**EXERCISE DATA**
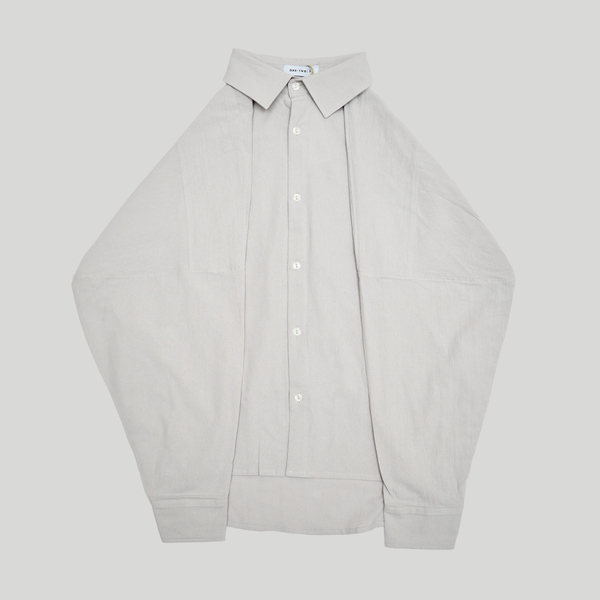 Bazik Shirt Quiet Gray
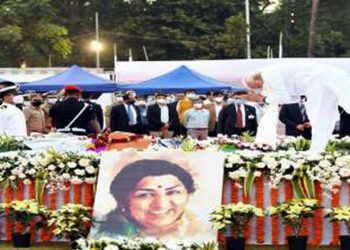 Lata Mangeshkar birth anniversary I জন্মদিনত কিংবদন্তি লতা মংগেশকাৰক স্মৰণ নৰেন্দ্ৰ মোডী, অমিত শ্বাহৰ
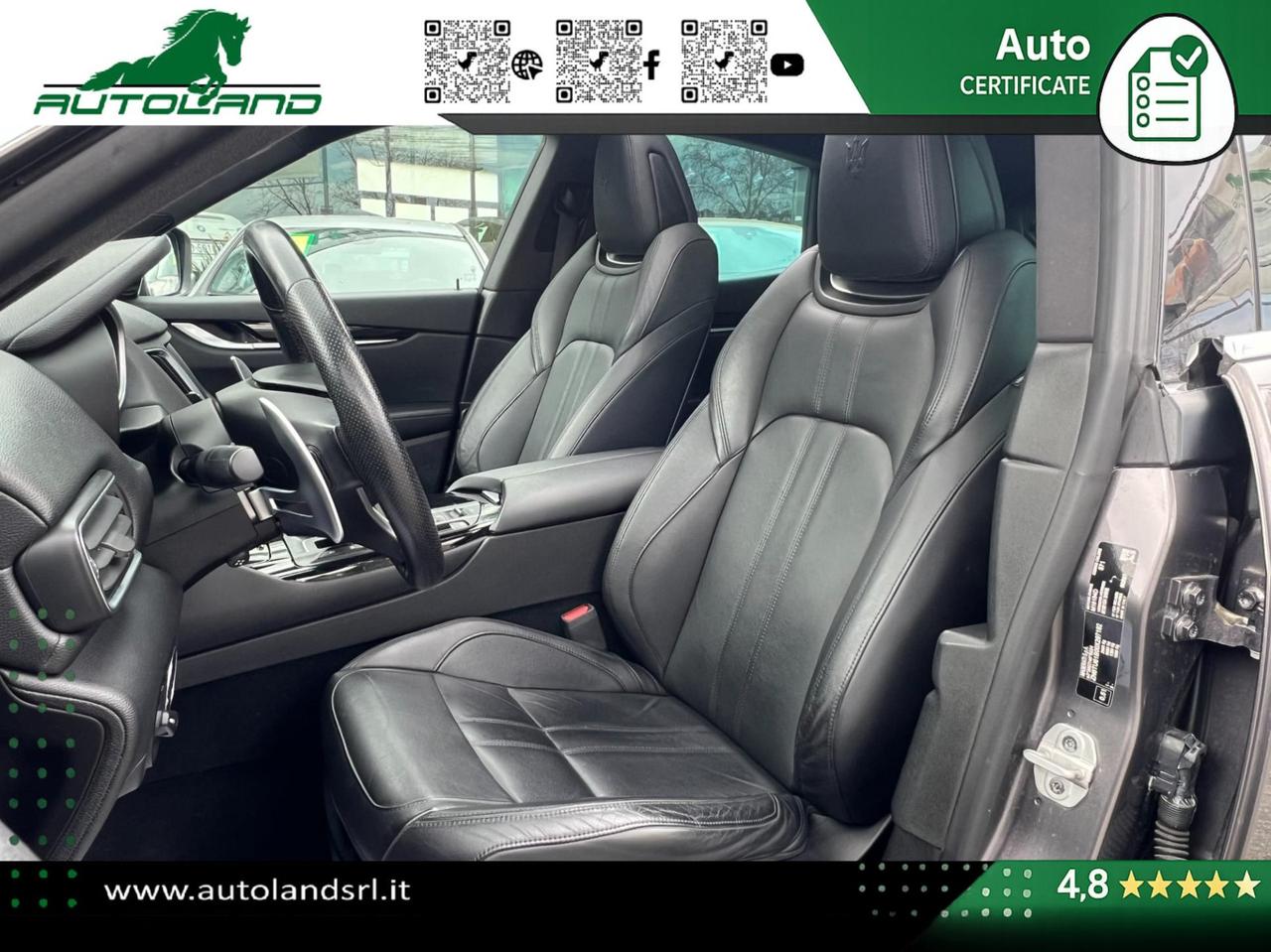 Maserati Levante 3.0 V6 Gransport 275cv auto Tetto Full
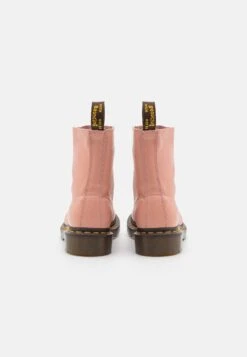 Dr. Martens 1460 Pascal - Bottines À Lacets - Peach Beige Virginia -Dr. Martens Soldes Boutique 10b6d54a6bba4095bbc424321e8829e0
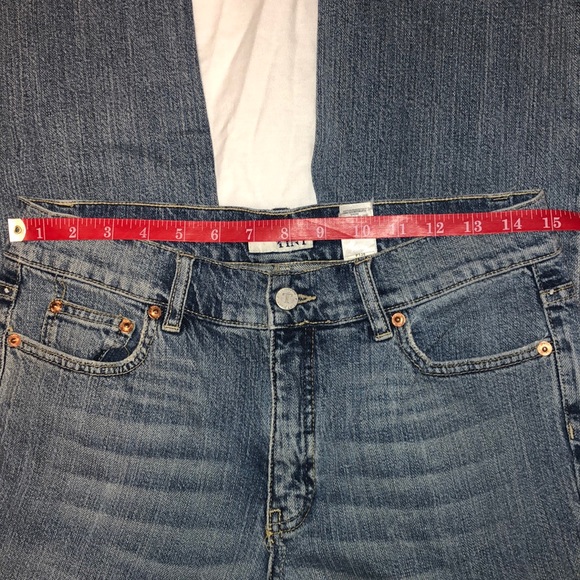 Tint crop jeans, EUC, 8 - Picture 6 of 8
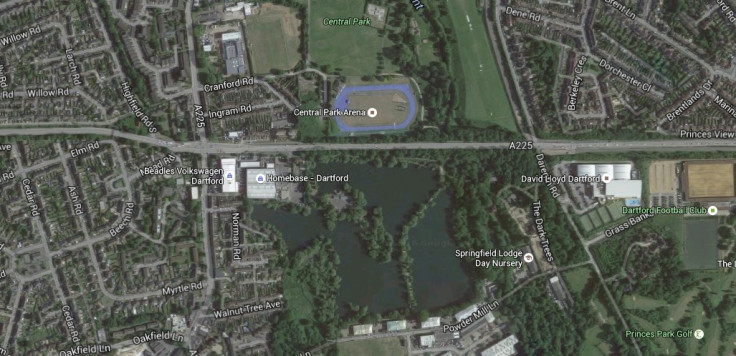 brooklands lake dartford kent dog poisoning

**INSTRUCTIONS TO FOLLOW**
Write out exactly the lines from the one containing "Tint crop jeans, EUC, 8 - Picture 6 of 8" through the last line of the records above, both ends included, and leave out any pictures.

**PROBLEM SOLUTION**
 Tint crop jeans, EUC, 8 - Picture 6 of 8
 brooklands lake dartford kent dog poisoning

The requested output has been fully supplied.